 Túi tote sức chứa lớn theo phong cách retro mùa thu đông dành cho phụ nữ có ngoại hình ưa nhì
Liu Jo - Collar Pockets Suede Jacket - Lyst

§ §

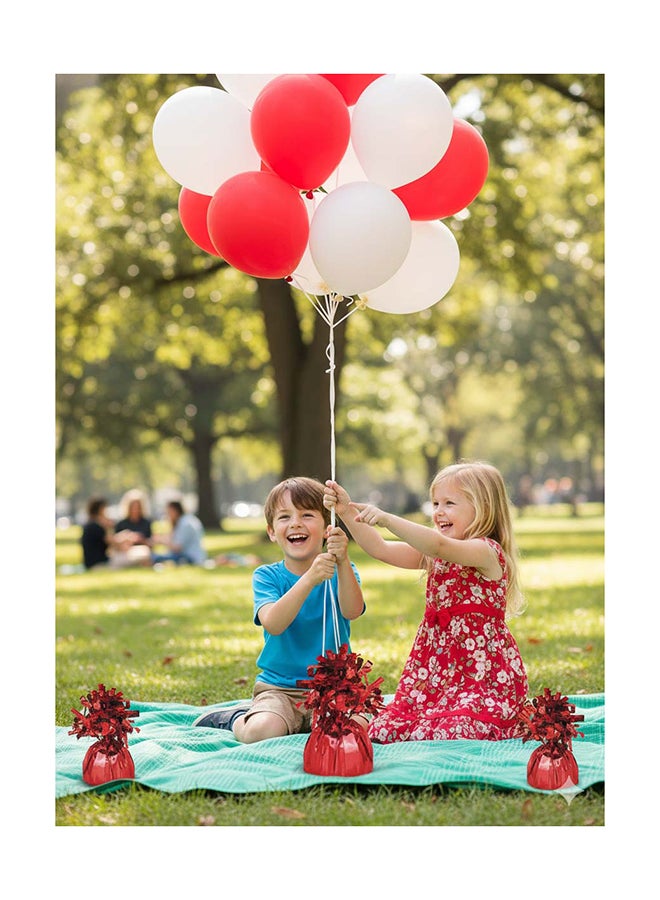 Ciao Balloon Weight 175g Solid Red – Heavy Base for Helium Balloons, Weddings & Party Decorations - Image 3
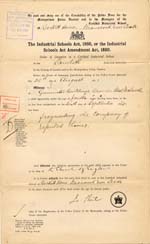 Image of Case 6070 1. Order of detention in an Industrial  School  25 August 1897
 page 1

§ §

### [What is required]
Start with the line above that contains "Túi tote sức" and stop after the line that contains "Liu Jo - Collar Pockets Suede Jacket - Lyst". Output those lines exactly, and only those.

### [Exercise output]
 Túi tote sức chứa lớn theo phong cách retro mùa thu đông dành cho phụ nữ có ngoại hình ưa nhì
Liu Jo - Collar Pockets Suede Jacket - Lyst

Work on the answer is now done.